The anti-derivative of any matrix function

If we have some differentiable function $f:\mathbb{R}^n\mapsto\mathbb{R}^m$, we can always calculate the Jacobian of this function, i.e., $$ \frac{df}{dx}(x) = \begin{pmatrix}\frac{\partial f_1 }{\partial x_1 } & \cdots & \frac{\partial f_1 }{\partial x_n } \\ \vdots & \ddots & \vdots \\ \frac{\partial f_m }{\partial x_1 } & \cdots & \frac{\partial f_m }{\partial x_n } \end{pmatrix} $$ So, for example if $f=\begin{pmatrix} x_1+x_2^2 \\ \sin(x_1 x_2) \end{pmatrix}$, we have $$ F(x) = \frac{df}{dx}(x) = \begin{pmatrix} 1 & 2 x_2 \\ x_2 \cos(x_1x_2 ) & x_1 \cos(x_1x_2 ) \end{pmatrix}. $$

My question is, can we find an $f$ for any $F(x)$? In other words, is any matrix function of the form $$F(x_1, \ldots, x_n) = \begin{pmatrix} F_{1,1}(x_1, \ldots, x_n) & \cdots & F_{1,n}(x_1, \ldots, x_n) \\ \vdots & \ddots & \vdots \\ F_{m,1}(x_1, \ldots, x_n) & \cdots & F_{m,n}(x_1, \ldots, x_n) \end{pmatrix}, \quad (F_{i,j}\text{ is assumed to be continuous}) $$ a Jacobian matrix for some mapping $f$?

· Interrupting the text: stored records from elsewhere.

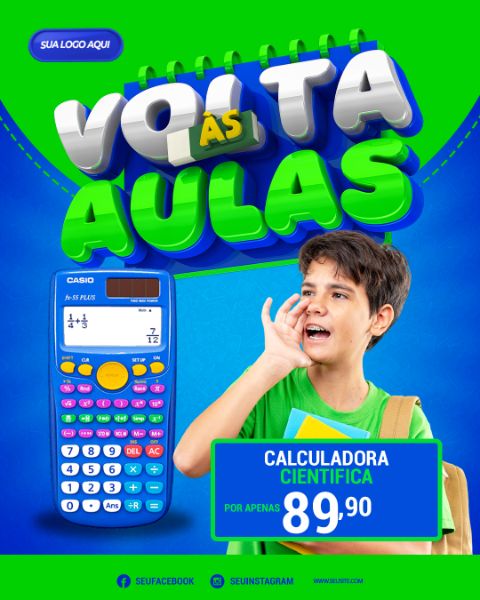 VOLTA AS AULAS 13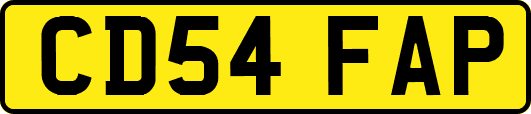CD54FAP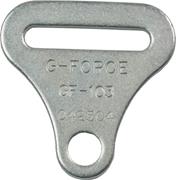 Harness Hardware 2"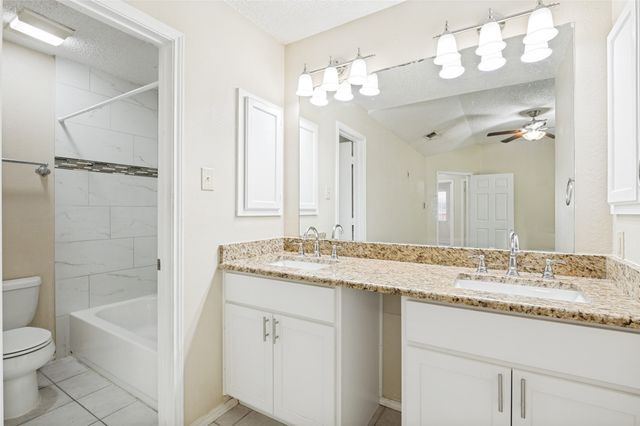 405 Myrtle Drive, Arlington, TX 76018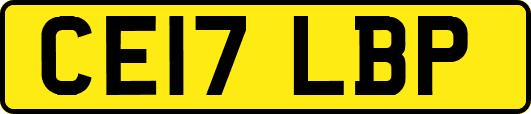 CE17LBP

On one hand this seems trivial, on the other hand I cannot find anything useful. I already tried to have it row by row, but finding the integral basically from a freaky row-vector is not really insightful...

(my concern is that if I take $F(x)$ as some super weird matrix function there will not exist an $f$...)

(NB: please add some reference or keywords in your answer)

Solution 1:

It can not be done in general. Consider the function $F: \mathbb{R}^2 \rightarrow \mathbb{R}^2$ given by

$$F(x,y)=(-y,x)$$

You can check that there is no function $f$ such that $\nabla f=F$.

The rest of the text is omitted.